[Dataset records]
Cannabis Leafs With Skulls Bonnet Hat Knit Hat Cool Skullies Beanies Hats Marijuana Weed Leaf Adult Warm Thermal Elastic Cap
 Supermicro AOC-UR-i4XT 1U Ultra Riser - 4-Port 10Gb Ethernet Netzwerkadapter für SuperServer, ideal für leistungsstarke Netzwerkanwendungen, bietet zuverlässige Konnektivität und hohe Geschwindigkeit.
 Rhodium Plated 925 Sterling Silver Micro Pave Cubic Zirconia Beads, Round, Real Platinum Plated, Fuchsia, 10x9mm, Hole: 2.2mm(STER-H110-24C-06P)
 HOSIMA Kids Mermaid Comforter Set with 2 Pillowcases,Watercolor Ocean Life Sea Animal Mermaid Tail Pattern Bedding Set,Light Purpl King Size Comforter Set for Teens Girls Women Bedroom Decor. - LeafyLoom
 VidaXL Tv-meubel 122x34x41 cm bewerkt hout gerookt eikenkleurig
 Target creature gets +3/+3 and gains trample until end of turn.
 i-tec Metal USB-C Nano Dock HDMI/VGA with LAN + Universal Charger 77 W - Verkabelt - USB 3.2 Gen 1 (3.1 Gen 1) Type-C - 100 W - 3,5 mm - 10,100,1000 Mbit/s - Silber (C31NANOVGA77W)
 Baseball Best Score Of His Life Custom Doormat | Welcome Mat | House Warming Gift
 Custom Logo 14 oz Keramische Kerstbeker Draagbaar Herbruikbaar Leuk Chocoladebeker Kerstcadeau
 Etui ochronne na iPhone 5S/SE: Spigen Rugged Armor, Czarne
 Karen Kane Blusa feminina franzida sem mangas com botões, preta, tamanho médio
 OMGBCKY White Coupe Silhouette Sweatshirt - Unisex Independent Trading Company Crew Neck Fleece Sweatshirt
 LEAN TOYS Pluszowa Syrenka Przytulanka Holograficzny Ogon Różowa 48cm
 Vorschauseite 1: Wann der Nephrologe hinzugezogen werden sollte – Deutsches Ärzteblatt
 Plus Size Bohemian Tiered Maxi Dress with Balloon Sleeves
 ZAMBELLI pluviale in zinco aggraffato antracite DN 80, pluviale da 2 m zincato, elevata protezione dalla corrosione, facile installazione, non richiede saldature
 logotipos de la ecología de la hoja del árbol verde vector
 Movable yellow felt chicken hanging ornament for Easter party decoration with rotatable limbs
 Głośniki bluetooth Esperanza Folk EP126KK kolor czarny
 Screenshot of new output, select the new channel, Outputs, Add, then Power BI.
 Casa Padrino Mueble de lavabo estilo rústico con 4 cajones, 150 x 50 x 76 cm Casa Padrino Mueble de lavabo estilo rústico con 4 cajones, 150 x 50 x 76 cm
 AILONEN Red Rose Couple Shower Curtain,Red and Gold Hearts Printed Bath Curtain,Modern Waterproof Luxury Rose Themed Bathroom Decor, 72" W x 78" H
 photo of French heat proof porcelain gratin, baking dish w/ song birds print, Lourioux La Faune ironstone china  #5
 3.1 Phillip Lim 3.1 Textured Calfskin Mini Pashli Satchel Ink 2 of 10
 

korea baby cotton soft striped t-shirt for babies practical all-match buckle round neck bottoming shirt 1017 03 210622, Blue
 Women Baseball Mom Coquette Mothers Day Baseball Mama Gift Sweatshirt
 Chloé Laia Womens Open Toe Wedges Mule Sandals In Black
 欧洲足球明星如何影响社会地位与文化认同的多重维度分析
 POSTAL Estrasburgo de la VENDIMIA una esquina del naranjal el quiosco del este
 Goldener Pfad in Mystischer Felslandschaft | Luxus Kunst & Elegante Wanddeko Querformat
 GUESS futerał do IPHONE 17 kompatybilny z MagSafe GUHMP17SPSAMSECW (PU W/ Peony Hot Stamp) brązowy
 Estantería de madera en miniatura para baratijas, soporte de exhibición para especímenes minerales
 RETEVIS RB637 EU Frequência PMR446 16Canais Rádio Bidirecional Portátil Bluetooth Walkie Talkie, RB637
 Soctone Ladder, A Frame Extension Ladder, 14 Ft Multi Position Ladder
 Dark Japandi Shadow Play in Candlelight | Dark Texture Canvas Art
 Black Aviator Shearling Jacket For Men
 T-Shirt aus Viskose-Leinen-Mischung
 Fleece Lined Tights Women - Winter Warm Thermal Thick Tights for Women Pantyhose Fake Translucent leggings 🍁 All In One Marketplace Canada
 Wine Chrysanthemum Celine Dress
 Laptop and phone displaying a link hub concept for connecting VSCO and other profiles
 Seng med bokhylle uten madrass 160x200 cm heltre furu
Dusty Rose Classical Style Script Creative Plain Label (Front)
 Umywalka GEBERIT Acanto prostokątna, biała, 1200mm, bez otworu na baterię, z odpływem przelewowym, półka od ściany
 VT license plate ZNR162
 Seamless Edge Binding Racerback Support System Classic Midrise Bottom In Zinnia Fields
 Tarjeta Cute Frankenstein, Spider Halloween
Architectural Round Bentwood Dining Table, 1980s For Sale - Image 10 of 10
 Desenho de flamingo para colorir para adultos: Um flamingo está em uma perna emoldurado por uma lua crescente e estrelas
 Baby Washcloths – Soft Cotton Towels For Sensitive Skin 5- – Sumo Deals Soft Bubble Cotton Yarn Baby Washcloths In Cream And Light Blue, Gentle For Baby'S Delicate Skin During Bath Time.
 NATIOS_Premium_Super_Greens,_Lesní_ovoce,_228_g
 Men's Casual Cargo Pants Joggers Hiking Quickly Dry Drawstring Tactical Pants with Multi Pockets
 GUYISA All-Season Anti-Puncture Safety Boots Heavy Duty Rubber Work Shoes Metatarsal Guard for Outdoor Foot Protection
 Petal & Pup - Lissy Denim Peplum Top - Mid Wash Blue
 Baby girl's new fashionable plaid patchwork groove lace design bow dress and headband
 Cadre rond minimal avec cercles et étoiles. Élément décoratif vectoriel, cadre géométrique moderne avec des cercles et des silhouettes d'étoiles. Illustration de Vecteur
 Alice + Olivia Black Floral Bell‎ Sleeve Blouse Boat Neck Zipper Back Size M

• _To do_
Repeat exactly the lines above from the one with "Estantería de madera" up to and including the one with "GUYISA All-Season Anti-Puncture". No other line belongs in the reply.

• _Output for this exercise_
 Estantería de madera en miniatura para baratijas, soporte de exhibición para especímenes minerales
 RETEVIS RB637 EU Frequência PMR446 16Canais Rádio Bidirecional Portátil Bluetooth Walkie Talkie, RB637
 Soctone Ladder, A Frame Extension Ladder, 14 Ft Multi Position Ladder
 Dark Japandi Shadow Play in Candlelight | Dark Texture Canvas Art
 Black Aviator Shearling Jacket For Men
 T-Shirt aus Viskose-Leinen-Mischung
 Fleece Lined Tights Women - Winter Warm Thermal Thick Tights for Women Pantyhose Fake Translucent leggings 🍁 All In One Marketplace Canada
 Wine Chrysanthemum Celine Dress
 Laptop and phone displaying a link hub concept for connecting VSCO and other profiles
 Seng med bokhylle uten madrass 160x200 cm heltre furu
Dusty Rose Classical Style Script Creative Plain Label (Front)
 Umywalka GEBERIT Acanto prostokątna, biała, 1200mm, bez otworu na baterię, z odpływem przelewowym, półka od ściany
 VT license plate ZNR162
 Seamless Edge Binding Racerback Support System Classic Midrise Bottom In Zinnia Fields
 Tarjeta Cute Frankenstein, Spider Halloween
Architectural Round Bentwood Dining Table, 1980s For Sale - Image 10 of 10
 Desenho de flamingo para colorir para adultos: Um flamingo está em uma perna emoldurado por uma lua crescente e estrelas
 Baby Washcloths – Soft Cotton Towels For Sensitive Skin 5- – Sumo Deals Soft Bubble Cotton Yarn Baby Washcloths In Cream And Light Blue, Gentle For Baby'S Delicate Skin During Bath Time.
 NATIOS_Premium_Super_Greens,_Lesní_ovoce,_228_g
 Men's Casual Cargo Pants Joggers Hiking Quickly Dry Drawstring Tactical Pants with Multi Pockets
 GUYISA All-Season Anti-Puncture Safety Boots Heavy Duty Rubber Work Shoes Metatarsal Guard for Outdoor Foot Protection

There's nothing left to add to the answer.